== What is required ==
Go through the records and give each one again exactly, omitting the images.
************
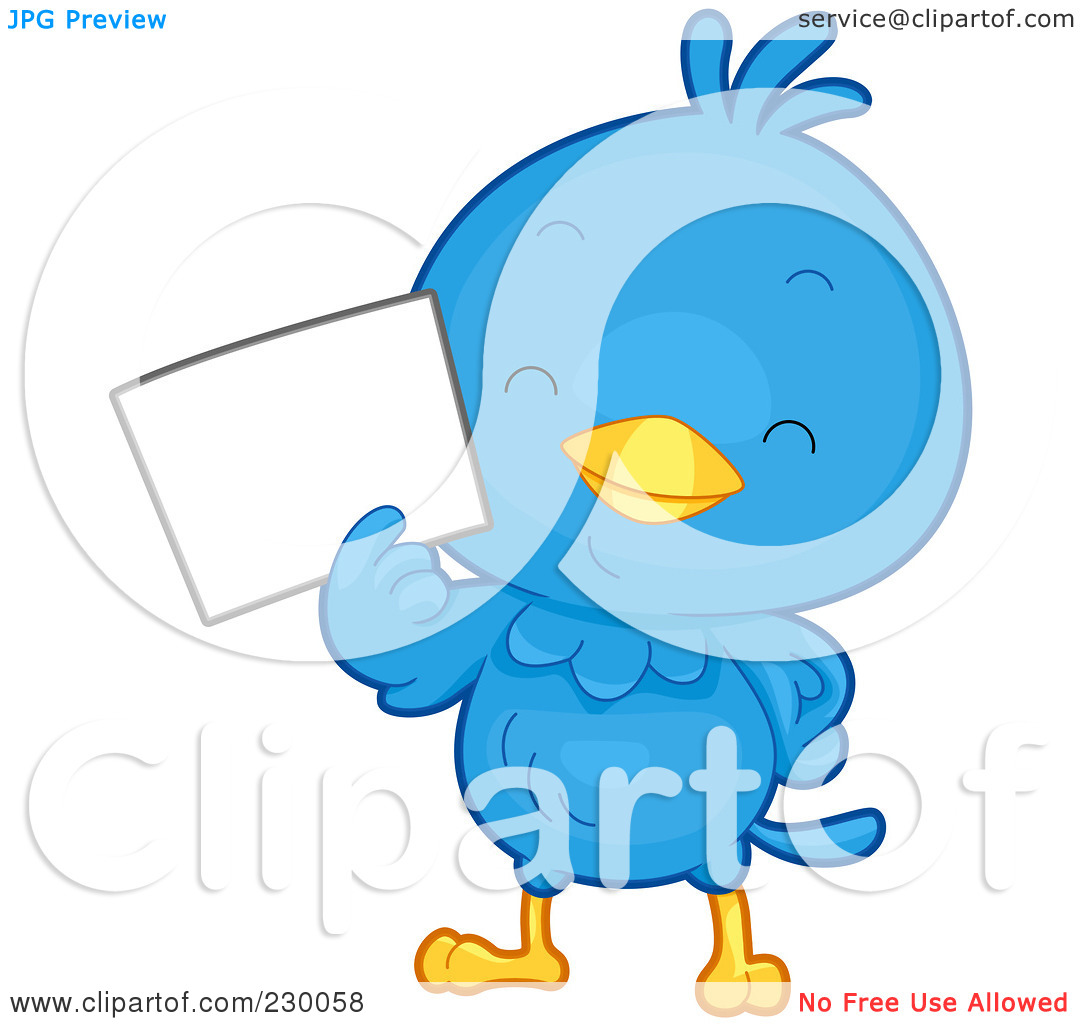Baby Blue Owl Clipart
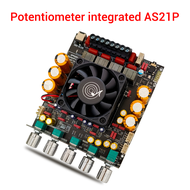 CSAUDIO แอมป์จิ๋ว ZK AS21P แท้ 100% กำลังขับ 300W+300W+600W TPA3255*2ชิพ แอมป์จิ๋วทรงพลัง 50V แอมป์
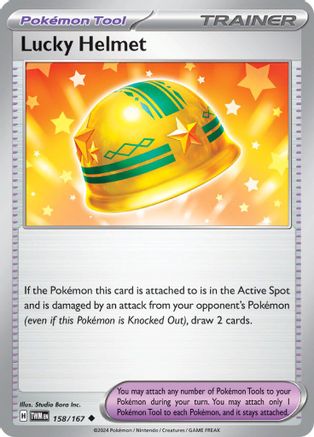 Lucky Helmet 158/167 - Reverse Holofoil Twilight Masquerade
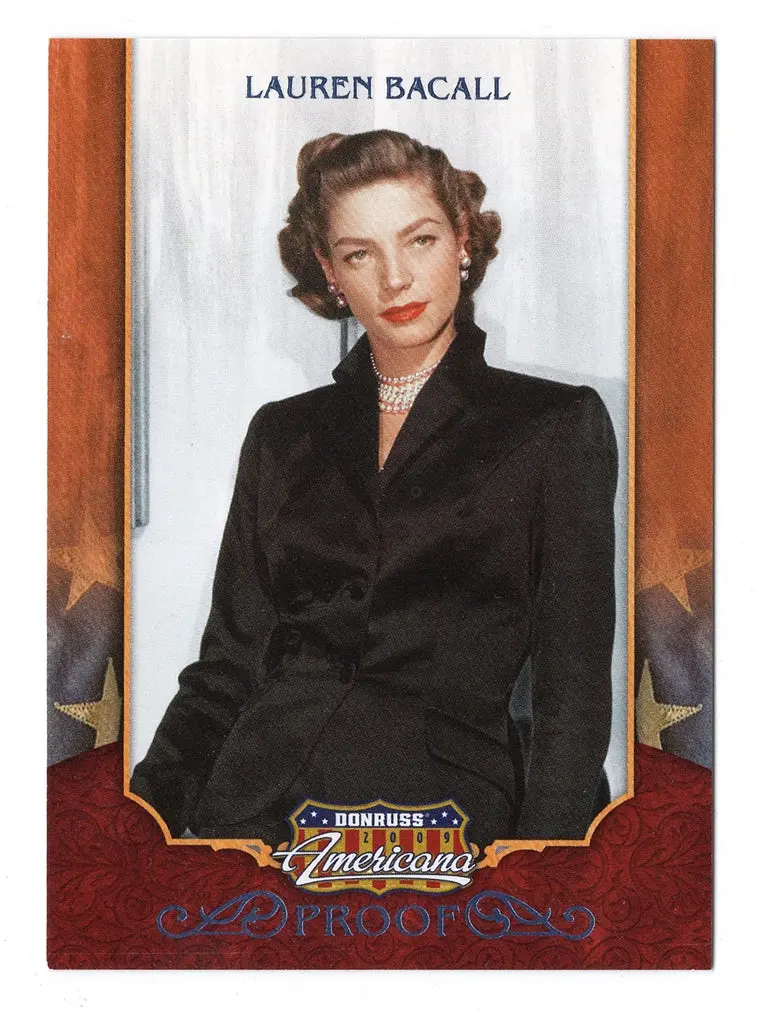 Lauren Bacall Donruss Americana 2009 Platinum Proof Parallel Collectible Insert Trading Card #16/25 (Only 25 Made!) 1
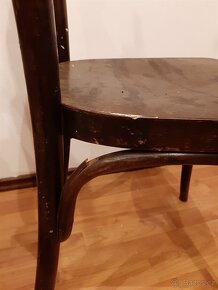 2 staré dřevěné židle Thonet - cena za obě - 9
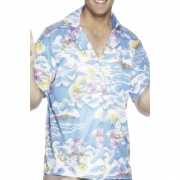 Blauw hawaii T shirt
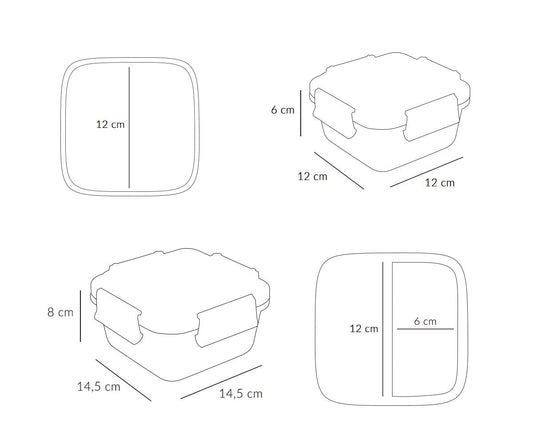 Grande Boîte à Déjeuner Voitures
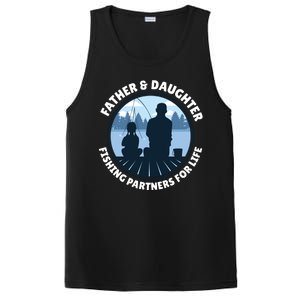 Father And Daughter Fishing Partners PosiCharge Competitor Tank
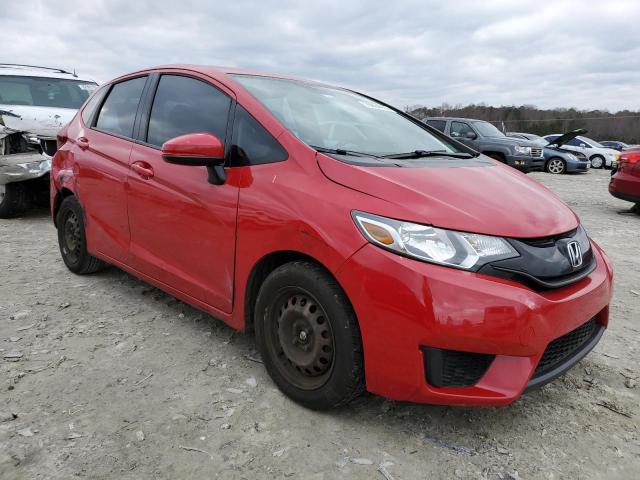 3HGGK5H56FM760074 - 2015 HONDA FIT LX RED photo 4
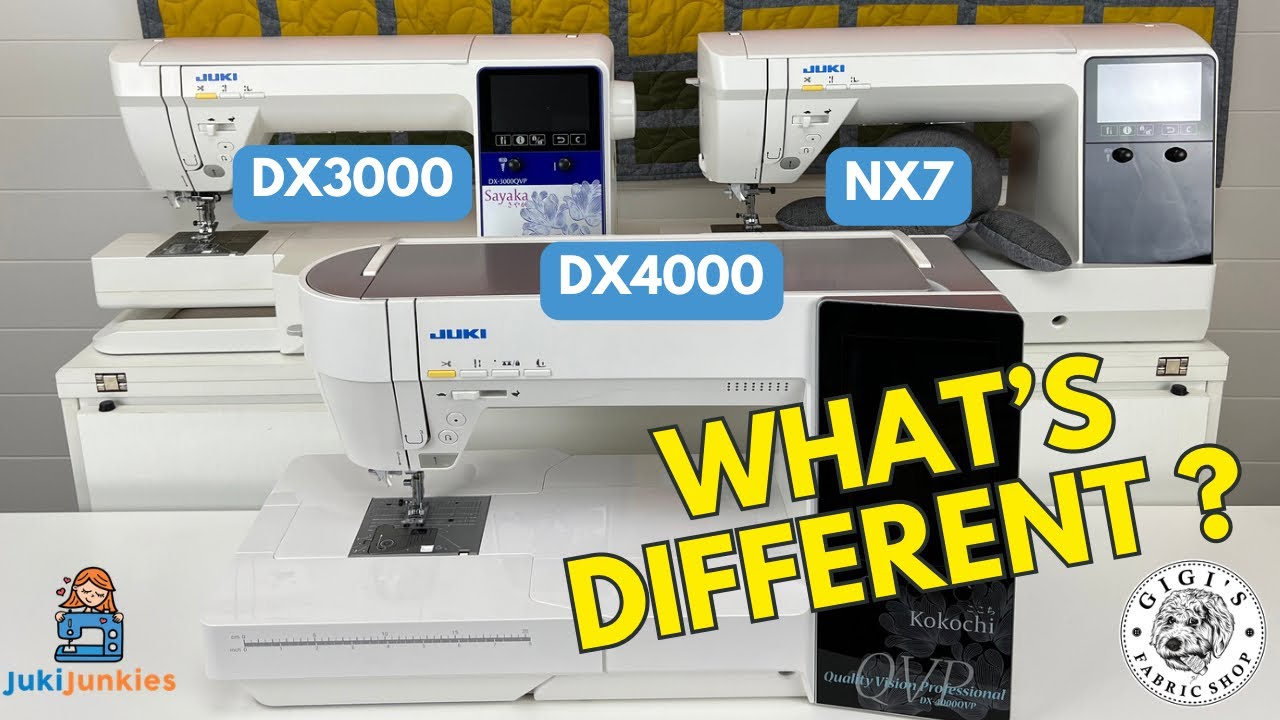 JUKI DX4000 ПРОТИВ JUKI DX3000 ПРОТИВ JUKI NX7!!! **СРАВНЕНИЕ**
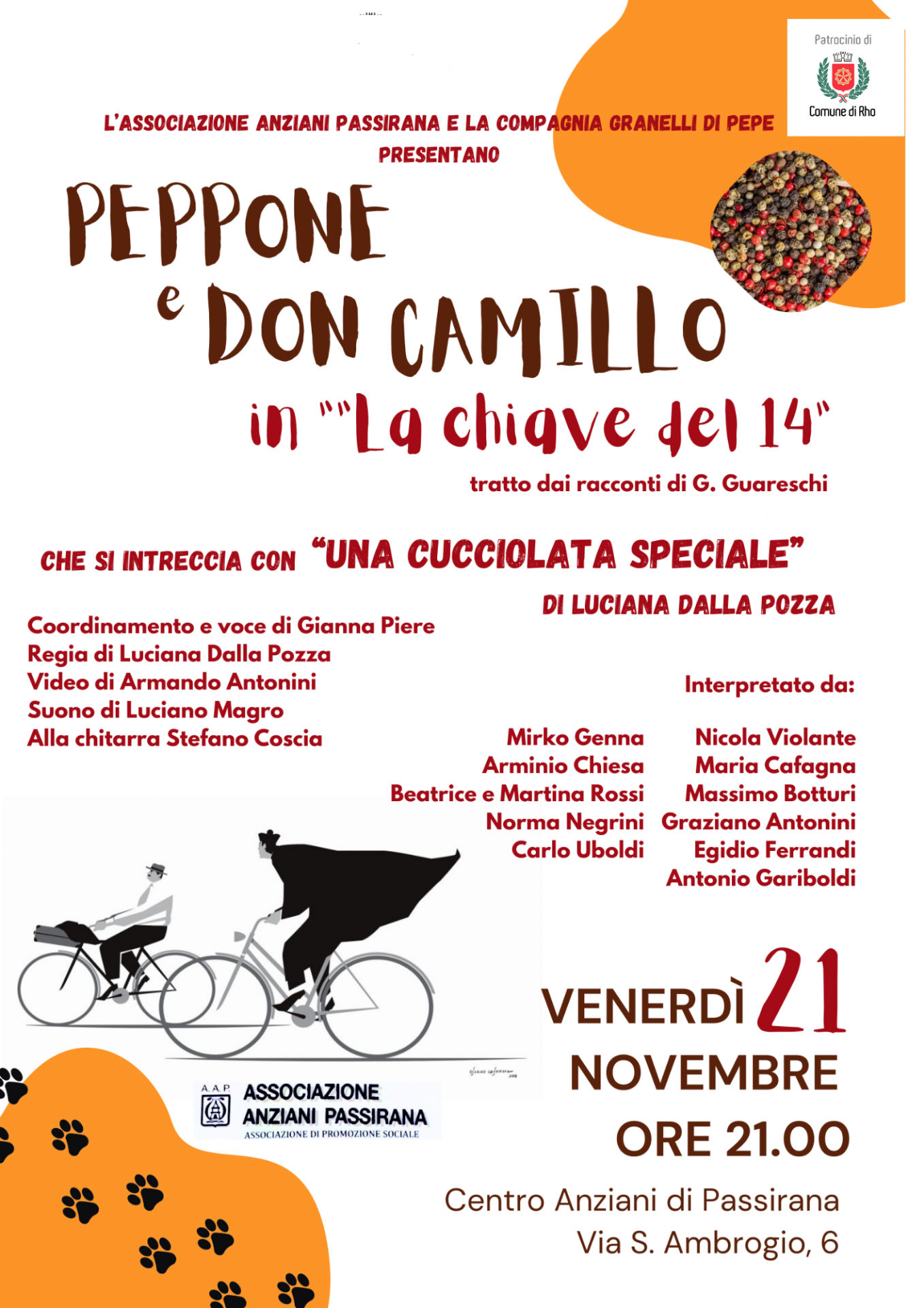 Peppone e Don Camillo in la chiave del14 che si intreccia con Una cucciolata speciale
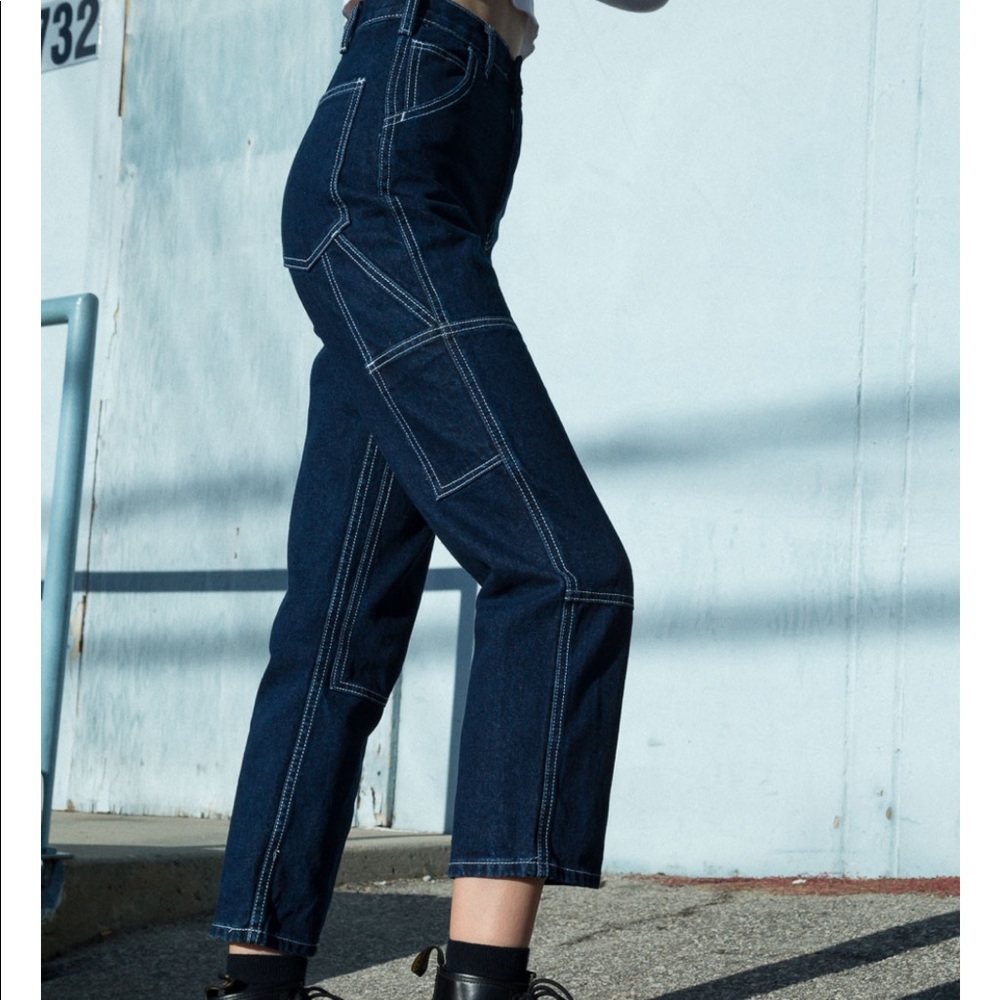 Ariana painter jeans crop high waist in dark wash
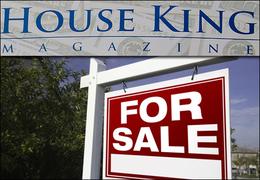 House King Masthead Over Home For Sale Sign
************
== Result ==
Baby Blue Owl Clipart
 CSAUDIO แอมป์จิ๋ว ZK AS21P แท้ 100% กำลังขับ 300W+300W+600W TPA3255*2ชิพ แอมป์จิ๋วทรงพลัง 50V แอมป์
 Lucky Helmet 158/167 - Reverse Holofoil Twilight Masquerade
 Lauren Bacall Donruss Americana 2009 Platinum Proof Parallel Collectible Insert Trading Card #16/25 (Only 25 Made!) 1
 2 staré dřevěné židle Thonet - cena za obě - 9
 Blauw hawaii T shirt
 Grande Boîte à Déjeuner Voitures
 Father And Daughter Fishing Partners PosiCharge Competitor Tank
 3HGGK5H56FM760074 - 2015 HONDA FIT LX RED photo 4
 JUKI DX4000 ПРОТИВ JUKI DX3000 ПРОТИВ JUKI NX7!!! **СРАВНЕНИЕ**
 Peppone e Don Camillo in la chiave del14 che si intreccia con Una cucciolata speciale
 Ariana painter jeans crop high waist in dark wash
 House King Masthead Over Home For Sale Sign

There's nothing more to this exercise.